If you have heard about Jeb Bush’s new tax plan by reading political reporters, you have probably heard that it is a “proposal to reform the tax code” that will “crack down on hedge fund managers” (CNN), that it is “mainstream and ordinary” with “a populist note” (NPR), that it “challenged some long-held tenets of conservative tax policy” (the New York Times), and has “a nod to the populist anger roiling both parties” (The Wall Street Journal). It is, in other words, the same sort of coverage George W. Bush received when he unveiled his tax cuts in 1999, and which the campaign successfully cast as a populist departure from traditional Republican priorities.
On the other hand, if you have learned about the tax plan from some of the new policy-focused writers, you have drawn a very different impression. It is a “large tax cut for the wealthiest” (the Upshot) and a reprise of the Bush tax cuts, but “with more exclamation points” (Wonkblog). The difference lies between journalists who write narratives drawn from quotes from campaign sources and those who build their coverage on data. George W. Bush was fortunate that data-based journalism barely existed 16 years ago. His brother is counting on the power of narrative to obscure the data.

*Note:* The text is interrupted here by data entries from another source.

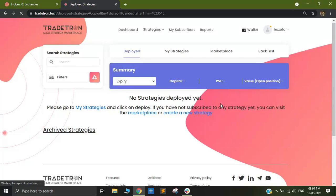My name is Josefa and I'm from the support team of Traytron.tech. Today I'm going to be showing you how to handle a very common error status which is the error execution, and I will also be talking to you about what exactly this error execution status is.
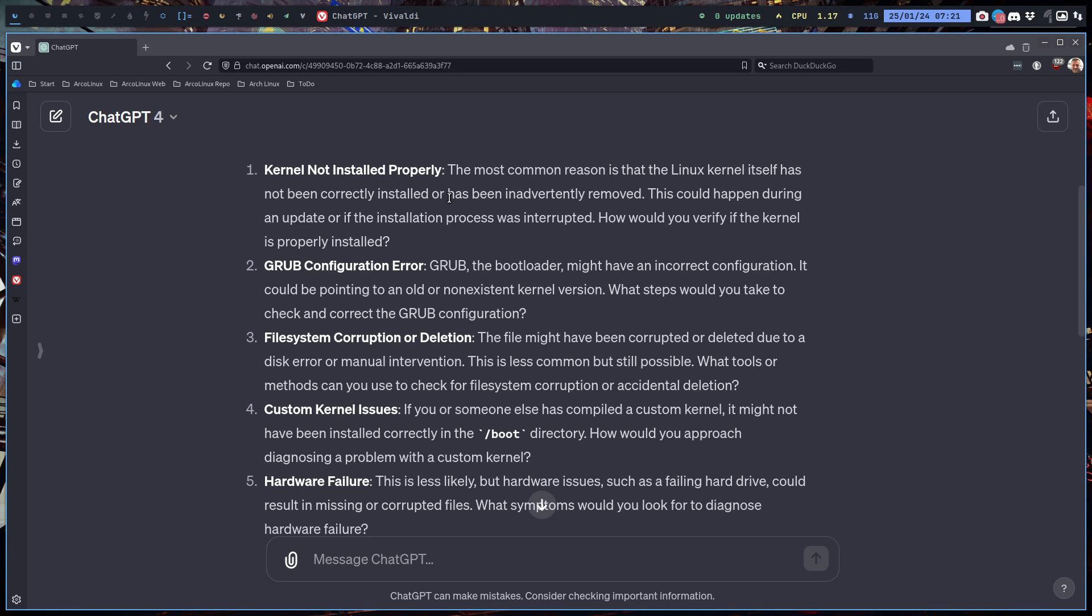And that will kick any operating system out of it. How would you verify if the kernel is properly installed? Here's asking me questions. Grub configuration error—there is grub, there is systemd.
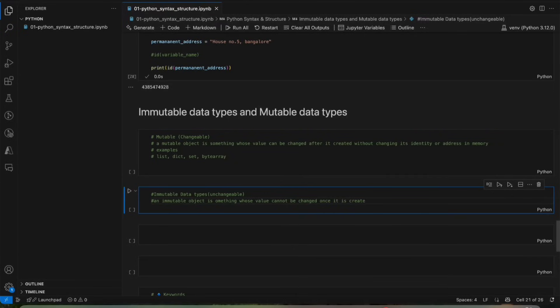I'll give you a real-world example for mutable data type — suppose a whiteboard. A teacher is teaching something on a whiteboard. The teacher can write something, erase it, and rewrite again and again. That is a mutable data type — he is not changing the location of the whiteboard, he is just erasing and rewriting again and again without changing the location. That is a mutable data type.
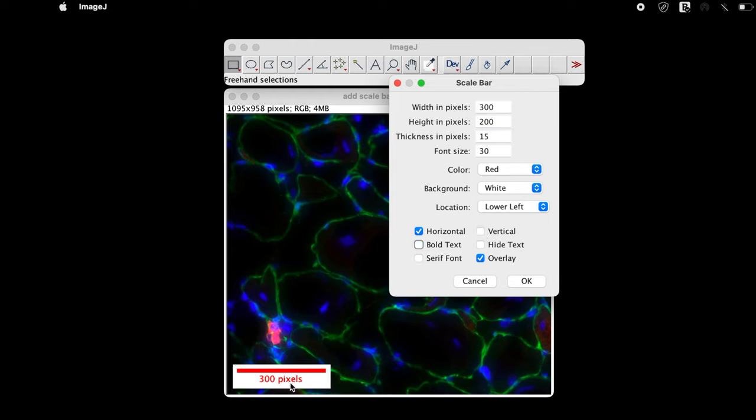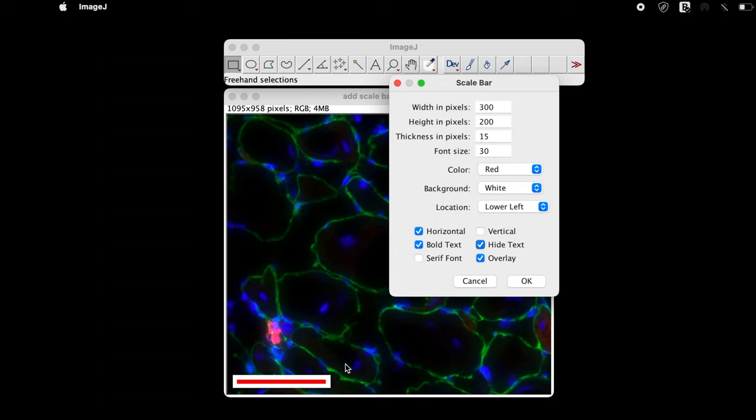The other parameters that can be used to modify the scale bar are to change the text style and font. One can also choose not to display the text. Check on hide text and only the scale bar will be displayed. The overlay option may or may not be selected.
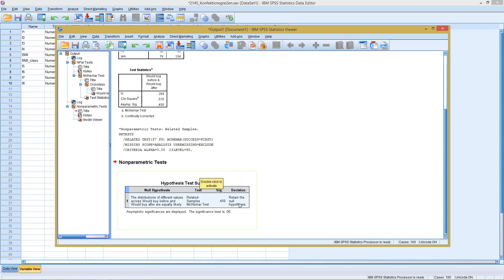Retain the H0 hypothesis. Now with this, we see here distributions are equally likely. So the two variables do not differ. Whatever happens between the two situations did not impact the distributions of the two variables, did not impact the general outlook of this variable.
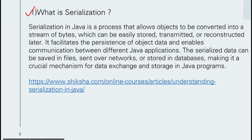Our first question is: what is serialization? I have also provided a website link you can follow for more on this topic. Serialization in Java is a process that allows objects to be converted into a stream of bytes, which can be easily stored, transmitted, or reconstructed later. It facilitates the persistence of object data and enables communication between different Java applications.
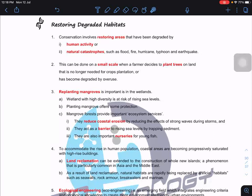Restoring degraded habitat is one way we can conserve biodiversity. As we know, when a habitat is degraded, we transport animals to a zoo or captive breeding facility, and plants to botanical gardens. But our aim is not to keep them there permanently — we want to return and release them back to their habitat. The problem is their original habitat has been degraded.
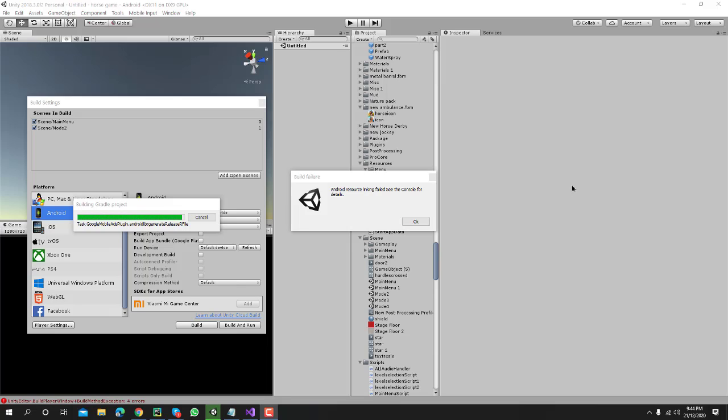Welcome guys, in this video tutorial I will show you how you can solve this type of error. You can see here my error is Android resource linking failed. See the console for details. It took a lot of time to solve this error, so it's quite easy to understand and quite easy to solve this. Just need to click OK.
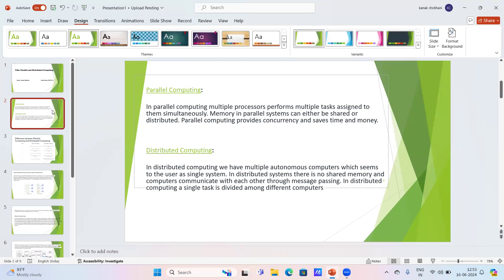In parallel computing, multiple processors perform multiple tasks assigned to them simultaneously. Memory in parallel systems can either be shared or distributed. In distributed computing, we have multiple autonomous computers which appear to be used as a single system.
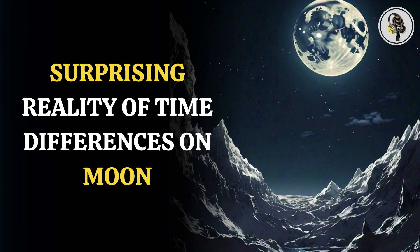Welcome to our podcast, where we explore fascinating stories and ideas from various fields. In this episode, we will discover how time on the moon ticks differently than on Earth. What does that mean for future lunar missions?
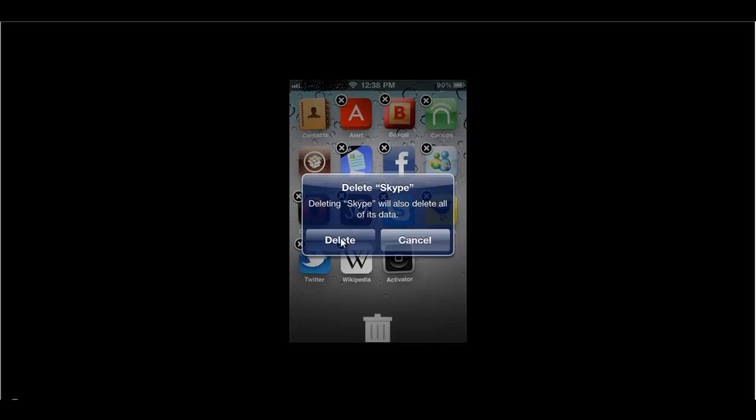As soon as you press delete, the application will be deleted from your iPhone or iPad.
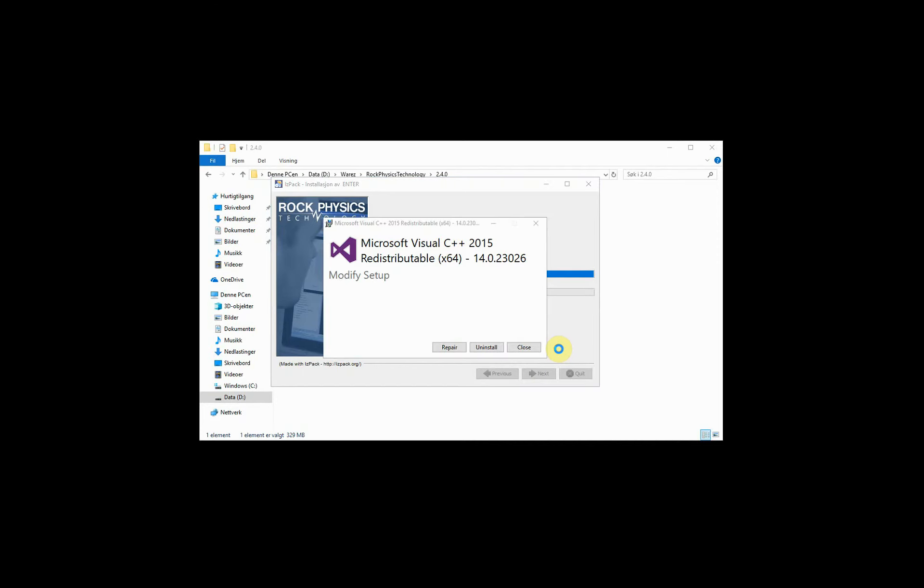When it comes to the Microsoft Visual C++ redistributable, you might already have it installed. Maybe you get an option to repair it. If so, just go ahead and repair it.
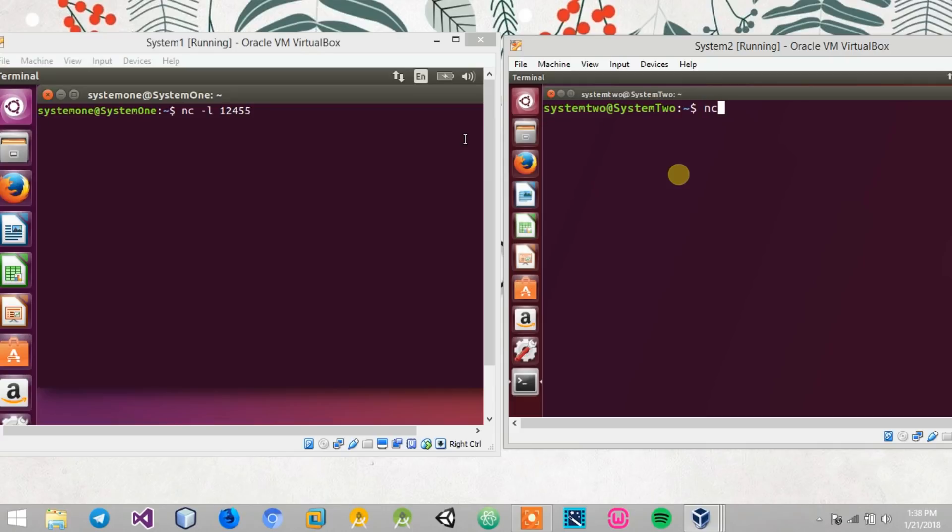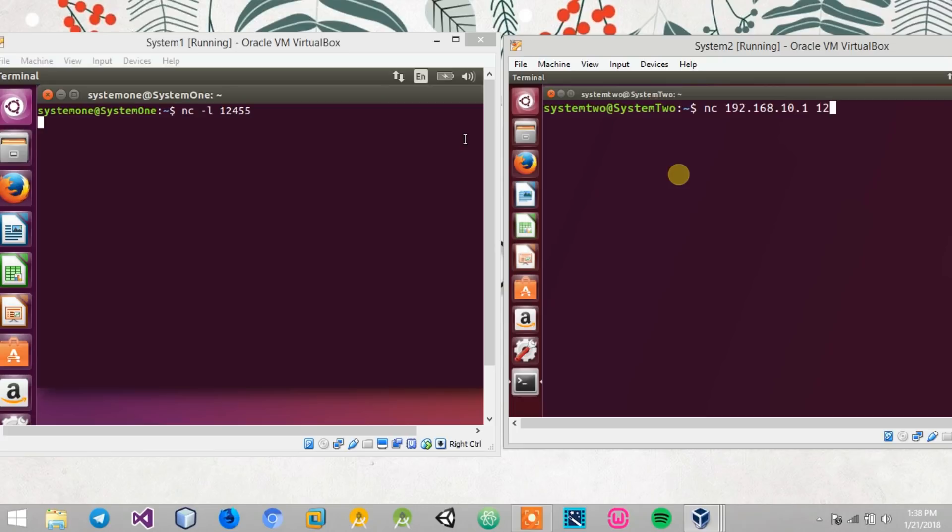In that also I'll type in the same command netcat followed by the IP address of system 1, that is 192.168.10.1, then followed by the port address that is 12455. That must be the exact port number that you have given here.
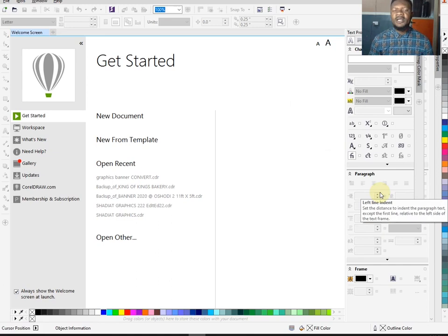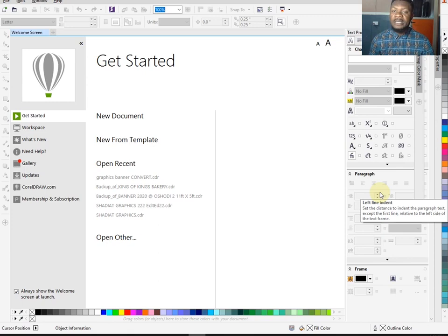Hello guys, welcome to Zetech Academy. Right now I'm going to teach you how to design a PDP umbrella. This is a party logo — it's a PDP umbrella — and it's exactly what I'm going to teach you now. The very first thing you need to do is click on New Documents.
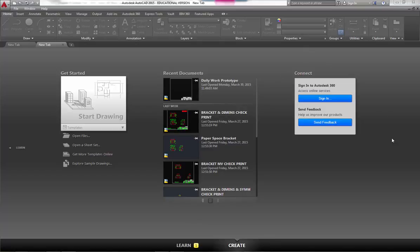Over on the right side, you can see where we can connect. This allows you to connect to Autodesk 360. If you haven't created an account already, that would be a nice thing to do. With Autodesk 360, you have a lot of options available to you—there are a lot of help options in Autodesk 360.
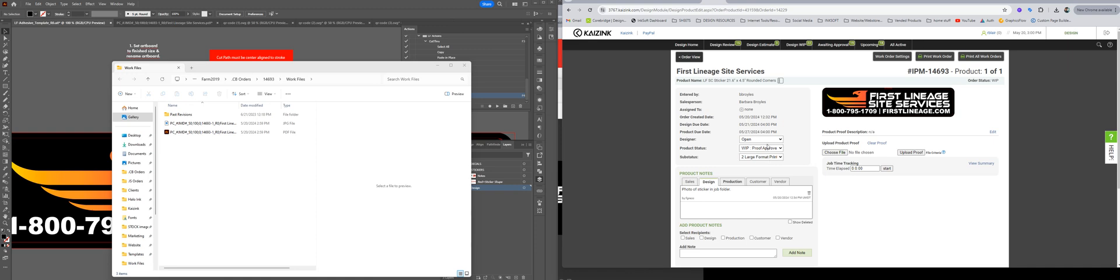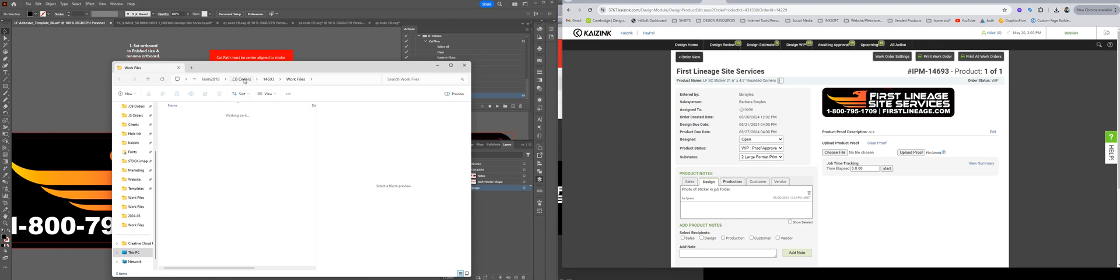So you can see our job is proof approved here in Corbridge. The first thing we're going to do is locate the order folder. So 14693 and that's going to be under the farm, cb orders.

There are criticisms to be made of “data-driven” journalism, and it’s no panacea. But if you compare it to old-fashioned “narrative” journalism, it’s certainly a major improvement. Any remotely competent policy-based evaluation of Bush’s tax cuts will show them to be massively regressive and massively revenue-negative. But — particularly if they include one sensible reform that would stand no chance of surviving the sausage-making process in Congress — you can appeal to traditional journalists by just describing your plan as a populist reform and counting on conventions to prevent journalists from telling their readers that you’re lying and/or dissembling. Jeb!’s brother, as Chait observes, exploited these conventions brilliantly.